In other words, when the super committee acknowledges its failure, it will come as a surprise to exactly no one.

Why should it? Let’s review past failures in this arena.

President Obama and Speaker of the House John Boehner, (R-Ohio) tried and failed last summer to craft a “grand compromise” on budget deficit reduction, an effort that ended in acrimony and forced a last-minute deal to stave off a possible default by the U.S. on its debt.

That deal included the creation of the super committee, a concept so meek and so obvious in its intent to evade and delay responsibility that Standard & Poor’s promptly downgraded the U.S. credit rating.

The Gang of Six, a bi-partisan group of senators who’ve been working on their own budget compromise for months, often seems to come up with good ideas. But those ideas are quickly shot down by hard-liners on either side of the spectrum: there are either too many new taxes or not enough spending cuts.

The Gang of Six’s good ideas rarely last longer than a 24-hour news cycle.

Then there were the recommendations put forth by the National Commission on Fiscal Responsibility and Reform, better known as the Bowles-Simpson Committee. Of all the recent efforts, this one seemed the most thorough, the most bi-partisan and the most likely to gain some traction in otherwise polarized Washington, D.C.

A draft of the plan called for across the board spending cuts, including steep cuts to the defense budget and reducing the federal work force by 10%. Even more significantly, the commission dared to take on entitlements, calling for sharp cost controls to the hugely-popular Medicaid program and significant adjustments to Social Security that would have raised the retirement age.

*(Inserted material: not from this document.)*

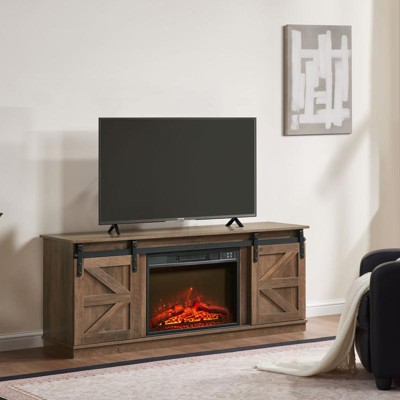 Aukfa Distressed Fireplace TV Stand for TVs up to 65-Inch, with Sliding Barn Doors, Cabinets & Storage Shelves
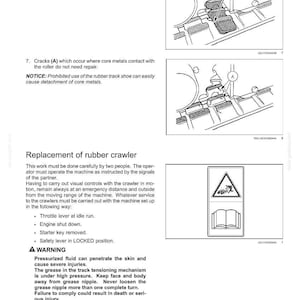 May include: A page from a maintenance manual with diagrams and text. The diagrams show mechanical components, and the text provides instructions and safety warnings about replacing a rubber crawler and related maintenance procedures.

But, strangely (and self-defeatingly), the document needed to be approved by a super-majority of 14 of its 18 participants. It failed with perhaps the most notable vote in opposition coming from Representative Paul Ryan, (R-Wis.), widely viewed at the time as a rare voice of reason on the supremely contentious deficit reduction issue.

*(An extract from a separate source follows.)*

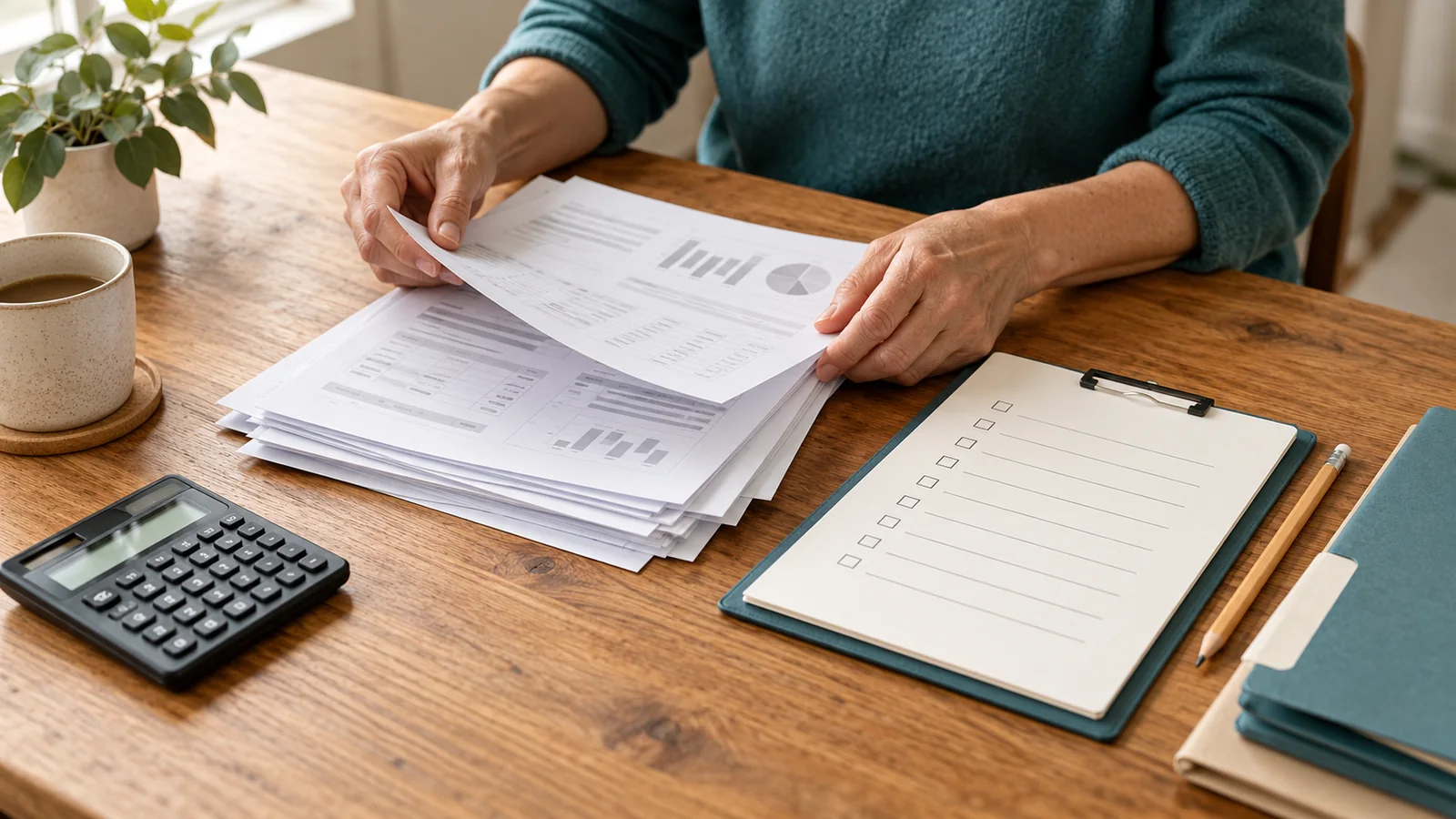 Business records and folders organized for a sale preparation review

If, as expected, the super committee can’t agree on just the right mix of spending cuts and tax hikes, the default mechanism embedded in the process when the committee was formed in August calls for an automatic $1.2 trillion in across-the-board cuts.

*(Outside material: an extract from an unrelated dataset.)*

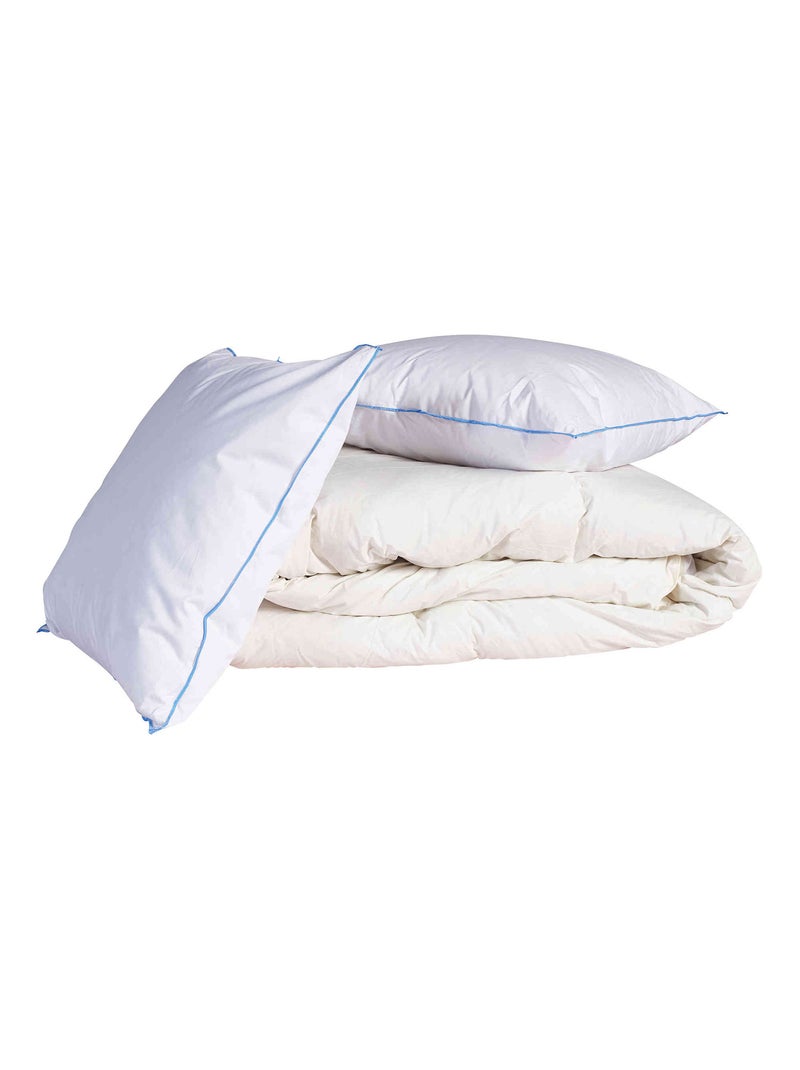 Pack couette confort oreiller 30% duvet 260x240 Ecru - Kiabi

Collender said specific industries stand to benefit if the super committee reaches an agreement, namely defense contractors. Cuts to defense spending are almost always anathema to politicians, so the military will almost certainly be spared if the politicians have a say. That won’t be the case if no agreement is reached and the automatic cuts kick in.

But wait. The across-the-board cuts aren’t scheduled to go into effect until 2013, plenty of time for lobbyists to influence Congress to scale back on cuts that directly affect their clients.

“I don’t think anything happens before the 2012 elections,” Collender predicted.

A widely-held view is that the committee gets nothing done, the across-the-board cuts are set in motion with much fanfare, then one-by-one voted down, ignored or otherwise dismissed over time by Congress.

Collender said the budget logjam can’t be blamed entirely on Congress. Its members, after all, are just representing their constituents, constituents who want other peoples’ taxes raised but not their own, who want government to cut back on spending but not on their Medicare and Social Security benefits, who want more money spent on education but don’t want to pay higher property taxes, etc…

Given all these factors, Collender said of the super committee: “Why did anyone think this would work to begin with?”